Sunday, March 11, 2012

Album of the Moment - Fu Manchu's "The Action is Go"


Some music collections are ever-changing, as tastes change or trends come and go.  Most people have short attention spans when it comes to music, save for a handful of favorite bands/artists, a few favorite songs, or perhaps a lone favorite album that they have an emotional connection to.  I, on the other hand, have a largely static collection that merely grows with my ever-expanding tastes and with time.  If I don't like a CD I don't generally get rid of it unless I'm hard up for cash, and that has only happened a couple times.  In 2004, I was hard up enough for cash that I ended up selling off some 200 of my then 600-CD collection.  Shame, really, as many of the CDs I sold off were excellent, and a couple of them will cost me a pretty penny to replace at some point.  One of the discs I regretted selling for so long was Fu Manchu's 1997 gem "The Action is Go".  It's still the only Fu Manchu release I ever owned, but only because I was afraid perhaps their other material wouldn't match up to this album.

So I recently re-purchased this, still sealed for just under six bucks, which I thought was a fantastic deal.  Listening to this again, it's as engaging and enjoyable as I remember it.  Fuzzed out guitar tone that belies the heaviness of the whole thing with driving riffs in some songs, while others have this lackadaisical tempo and tone to them that it feels like just a bunch of guys chilling out while rocking out.  Their music is deceptively simple, in many respects.  Lots of riff repetition, choruses that repeat themselves, or key bits in each song that are easily grasped hooks you can sink your teeth into.  There's a sense of dynamics at work here, however, that is perhaps less obvious at first, or on casual listens.  It's not quite as immediate as the loud-soft dynamic that Nirvana perfected, but along those lines.  Fu Manchu makes their shift in dynamics less polarized, so they don't appear to be quite as "dynamic" in nature.  But rest assured, these guys know what they're doing - they know exactly the kind of song they're writing when they've sparked your interest just enough to reel you in completely by the time the slightly more muscular chorus kicks in and you're tunelessly singing along.

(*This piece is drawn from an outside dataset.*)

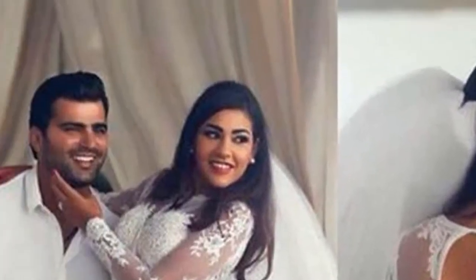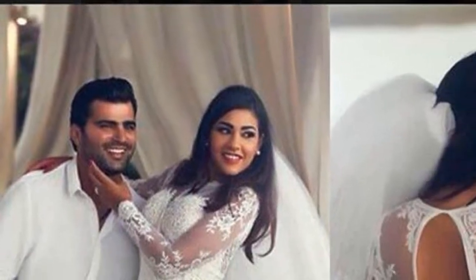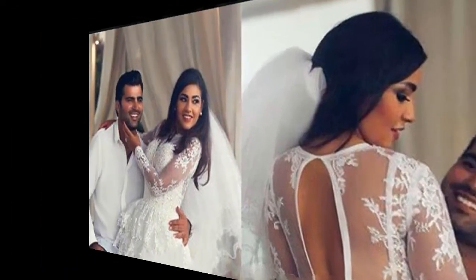Whenever you go for your plus size wedding dress shopping, always remember there is nothing to feel bad about being plus size, and people who sell you the dress are supposed to work the way you want them to. So go ahead and get that gorgeous attire. Have a lot of fun. Wishing you a very happy married life.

The thing about Fu Manchu is that it's a formula that shouldn't necessarily work but does.  Vocally, this stuff is fairly a-tonal.  Not all of it, but I've heard hardcore punk bands with more melodic sensibility in the vocal lines than this stuff.  But Scott Hill's semi-sung, semi-yelled vocals have a sort of charm to them, so they're engaging nonetheless.  The fuzz guitar tone is fantastic, and though this band belongs to the "stoner rock" genre based on their style, the lyrics of this album belie any substance references in the lyrics, and musically they owe as much to early hardcore punk as they do to Black Sabbath or Candlemass.  It's an interesting marriage of the sedate and the energetic elements of the styles they converge which makes their sound vital.

In any event, I'm glad to finally have this CD back in my collection, and will be on the lookout for a vinyl version.  I'm also interested in scoring a European copy, since that release had 2 bonus tracks which don't appear on the North American release.  This has been spinning in my van's stereo for the last week and will continue to do so for a short while until I move on to other things, but like an old friend coming to visit after years of being away, this album is a welcome visitor to my CD player once again.